Sementara PERTAMINA yang hanya memiliki 35 tambang minyak, ditekan agar menyedot minyak lebih banyak untuk memenuhi kebutuhan dalam negeri. Pihak Asing menurut beberapa pengamat, tidak merasa berhak memunuhi kebutuhan minyak dalam negeri sehingga ketika stock minyak kekurangan yang menjadi sasaran kemarahan rakyat adalah PERTAMINA.
Oleh karena itu untuk mengatasi hal ini PEMERINTAH membeli minyak kepada PIHAK ASING. Bayangkan PEMERINTAH harus membeli minyak yang terkandung di negaranya sendiri ke PIHAK ASING. Sementara Minyak itu ada di bumi pertiwi ini sendiri, jadi wajar jika Dr. Kurtubi, pengajar pascasarjana FE UI dan Universitas Paramadina mengatakan bahwa pengelolaan migas di Indonesia menjadi paling buruk di kawasan Asia dan Oceania.
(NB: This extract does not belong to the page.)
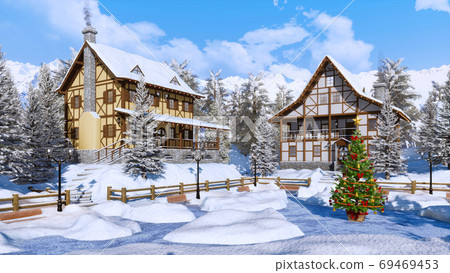 Christmas tree on snow covered alpine town square Christmas tree on snow covered alpine town square 69469453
Hampir semua kandungan minyak yang memiliki cadangan minyak mentah melimpah diberikan ke pihak ASING. Sehingga menurut beberapa pengamat energi, BP MIGAS terlalu berpihak kepada ASING. BP MIGAS tidak bisa sepenuhnya disalahkan karena ketika hal ini ditawarkan kepada Ari Hermanto Soemarno sebagai DIRUT PERTAMINA, ia mengatakan bahwa INDONESIA dalam hal ini PERTAMINA belum mampu mengelolanya. Hal ini sangat disesalkan para pengamat dan pemerhati migas Indonesia. Oleh karena itu pada masa kepemimpinannya banyak sekali tambang-tambang minyak yang jatuh ke pihak asing disebabkan ketidak seriusan PERTAMINA untuk merebut kekayaan alam tersebut.
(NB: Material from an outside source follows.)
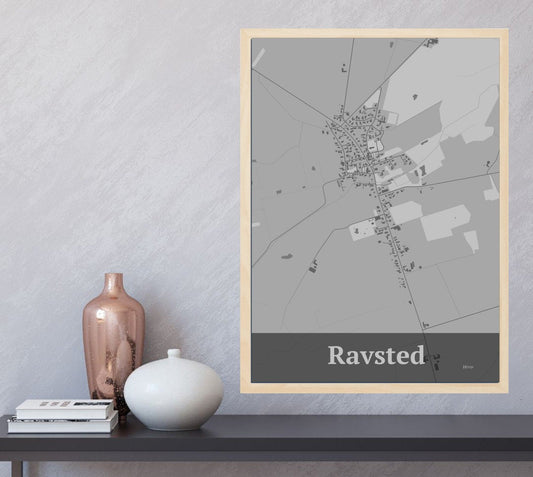 Ravsted plakat i farve  og HjemEgn.dk design firkantet. Design bykort for Ravsted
Hal ini membuat BPK dan KPK turun tangan, akhirnya terkuaklah fakta bahwa selama ini mantan DIRUT PERTAMINA tersebut telah menerima suap dari bebrapa perusahan migas asing, salah satunya INNOSPEC Ltd, perusahaan energi asal Inggris. Miris sekali mendengarnya, hal ini lebih diperparah lagi dengan Undang Undang Migas No. 22 Tahun 2001 pasal 28 ayat 2 yang kata para pengamat lebih melindungi kepentingan ASING dibandingkan rakyat Indonesia.
Pemerintah seakan tidak berdaya dengan mekanisme pasar DUNIA disebabkan undang-undang tersebut. Begitupun saat menjamurnya Stasiun bahan bakar luar seperti SHELL, PETRONAS, TOTAL, dan lainnya yang meramaikan persaingan SPBU milik PERTAMINA. Pemerintah berdalih bahwa hal tersebut untuk lebih memacu PERTAMINA dalam persaingan. Namun yang menjadi "kemarahan" para pengamat migas, SPBU asing tersebut membeli minyak bersubsidi dan menjualnya dengan nama merek mereka, seperti yang tetangkap oleh wartawan Seputar INDONESIA, saat SPBU PETRONAS MEDAN menjual BBM BERSUBSIDI atas nama PRIMA 88.
Mungkin bagi kita, khususnya penulis yang awam melihat kejadian tersebut bukan sesuatu yang harus dibesar-besarkan. Namun bagi yang pintar dan ahli dalam bidangnya, menilai bahwa hal tersebut sama saja merampok hak rakyat Indonesia. Mereka harusnya membeli minyak sesuai dengan harga pasar luar negeri, bukan harga pasar dalam negeri. Karena harga pasar dalam negeri adalah harga minyak yang hanya diperuntukan bagi rakyat Indonesia, artinya bahwa harga tersebut adalah harga subsidi yang dibiayai dari APBN.
Namun ternyata permasalahnya bukan hanya disitu saja. Menurut beberapa pengamat PEMERINTAH dalam hal ini BP MIGAS tidak sepenuhnya menyerahkan PERTAMINA sebagai pihak pensupply BBM bersubsidi. Ternyata pemerintah juga menggaet PIHAK ASING untuk melakukan hal tersebut. Artinya PEMERINTAH harus beli dari pihak ASING untuk memenuhi kebutuhan dalam negeri. Luar biasa kayanya dan baik hatinya bangsa ini, sudah memberikan minyaknya ke ASING. Kita juga harus membeli minyak kita sendiri dari tangan PIHAK ASING.